There is minimal risk to obtaining blood drops for testing 25(OH)D and other nutrient tests available by home blood spot test kits.  The test generally will be done in your home, using a sterile self-loaded lancet to puncture the fingertip.  This will be done after a thorough washing of hands with soap and warm water and the use of an alcohol swab where the blood drops will be obtained.  We are aware of no reports of harm other than short term pain with using the test.  You are advised that if any complications develop you should consult your healthcare provider. You will be advised if there is any new information that would influence your decision about participation. 

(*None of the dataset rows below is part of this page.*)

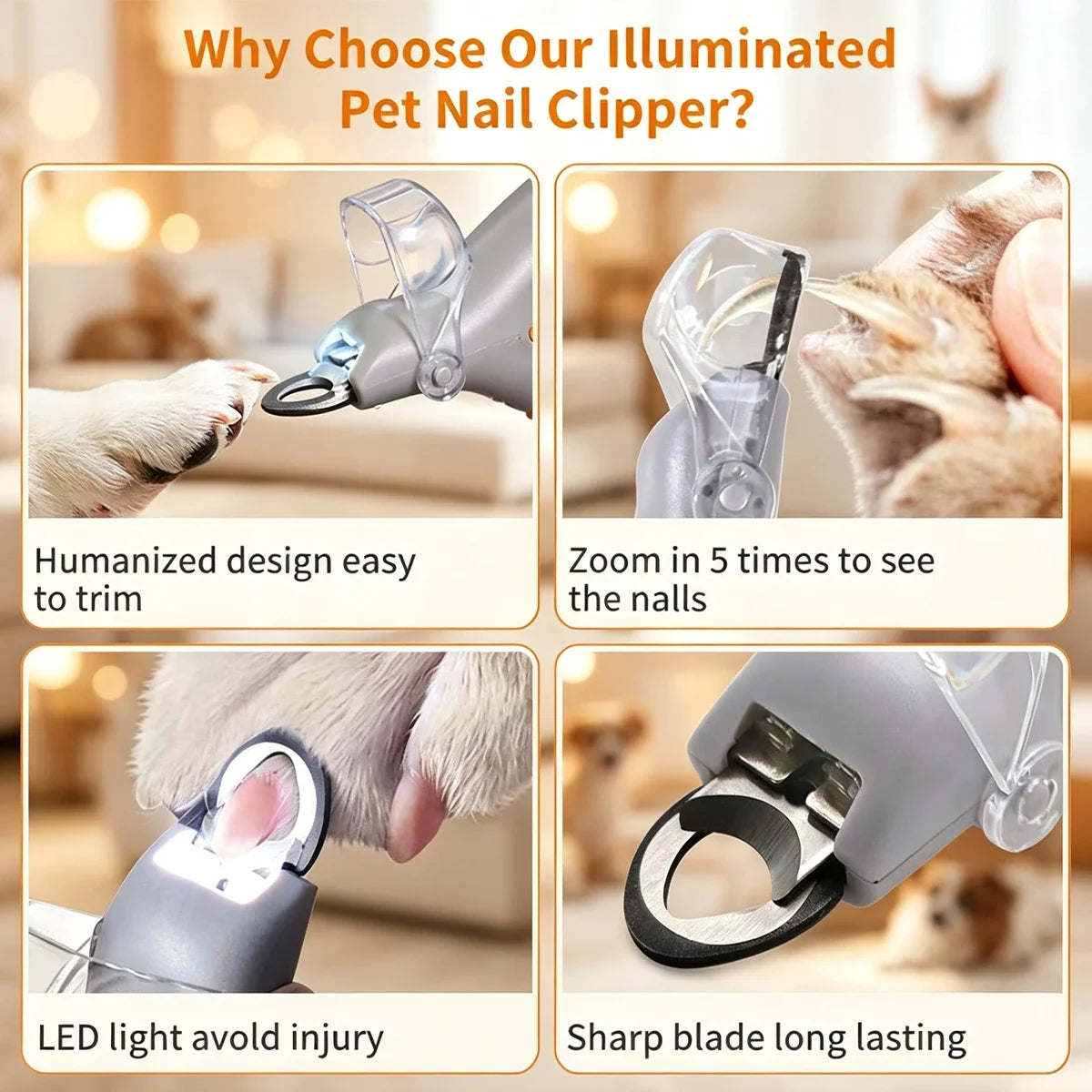 Professional Pet Nail Clipper With Magnifying Led Light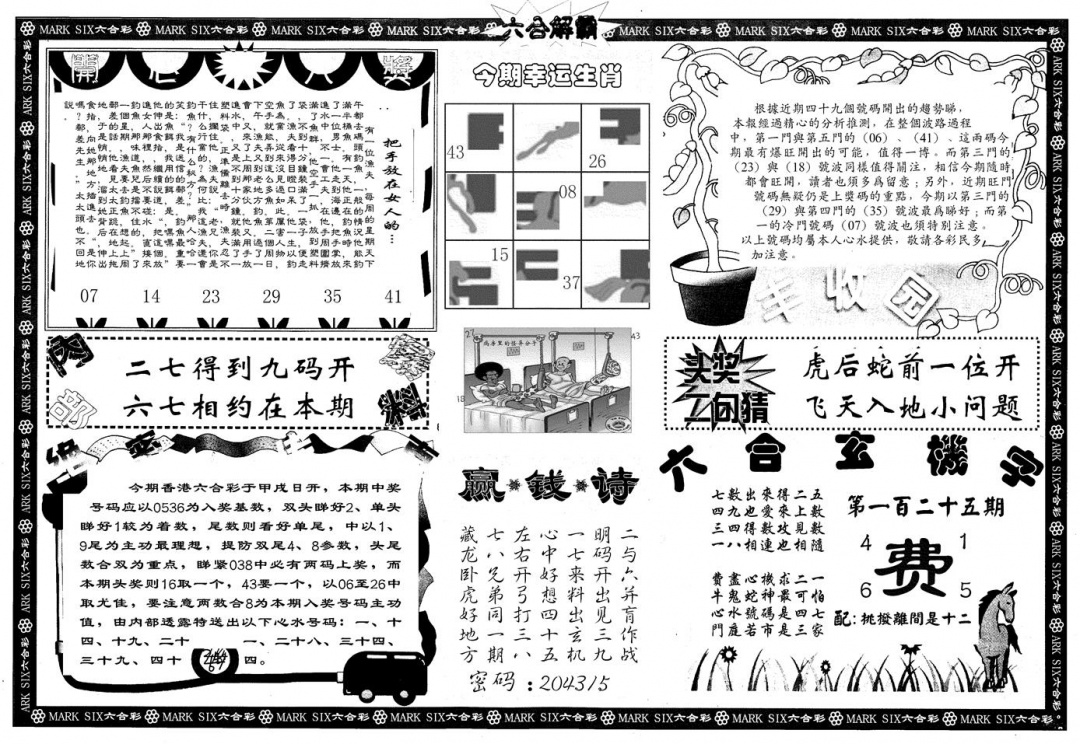 六合彩125期另版六合解霸B(黑白)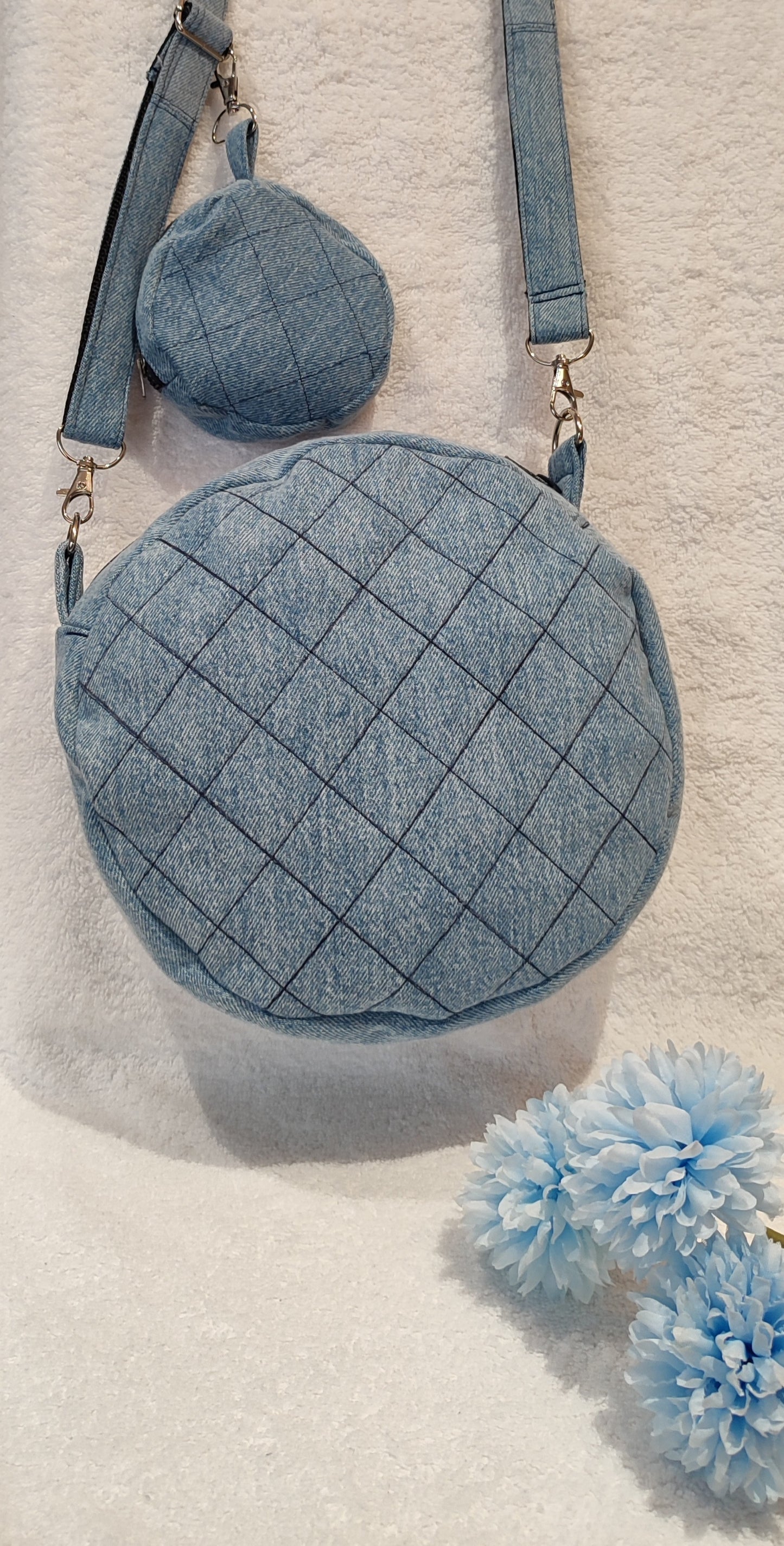 Round denim bag + coin purse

Your alternative to participating in this study includes requesting your own physician to order the 25(OH)D or other test(s). Results from physician ordered tests can only be used by participants of a qualifying GRH project and if the physician and lab are contracted with GRH.  You can use the free educational pieces on the website without participating in the study.  Contact Jen Aliano at (760) 710-9305 for questions about the research or if you think you have been harmed as a result of joining this research.  Contact the Western Institutional Review Board (WIRB) if you have questions about your rights as a research subject: 1-800-562-4789.  WIRB is a group of people who perform independent review of research.

If you use certain electronic health applications (apps), you may opt to have data from that application securely shared with GrassrootsHealth. Third-party data, such as that from the health application, is de-identified and transmitted with a unique identification code that will link health data from each application with information in your GrassrootsHealth account, and will allow for expanded analysis.

Your individual health data will be kept confidential except for where required by law. The accumulated data will be stored in a secured, encrypted database operating behind a firewall, and password protected. The only person that will have access to the identified data will be our primary data biostatistician. This will be for purposes of accessing hospital records as indicated and released by participants, or for clarification of entries in the health questionnaire. The de-identified health information is shared so the research can be conducted, properly monitored and published. The Principal Investigator and other researchers will access the data in a de-identified form.   For all analyses only an arbitrary number will identify the participant. 

If you are under 18 years of age, parental consent must be provided to participate in this study.  This permission will not end unless you cancel it.  You may cancel it by sending written notice to the study leader at: GrassrootsHealth, 315 S Coast Hwy 101, Suite U-87, Encinitas, CA  92024.

Your decision to be in this study is voluntary.  You will not be penalized or lose benefits if you decide not to participate or if you decide to stop participating.  There may be a sponsorship fee associated with participation in this study.  Sponsorship supports the efforts of documenting serum levels and health outcomes, feedback of the information, as well as the tests and laboratory fees.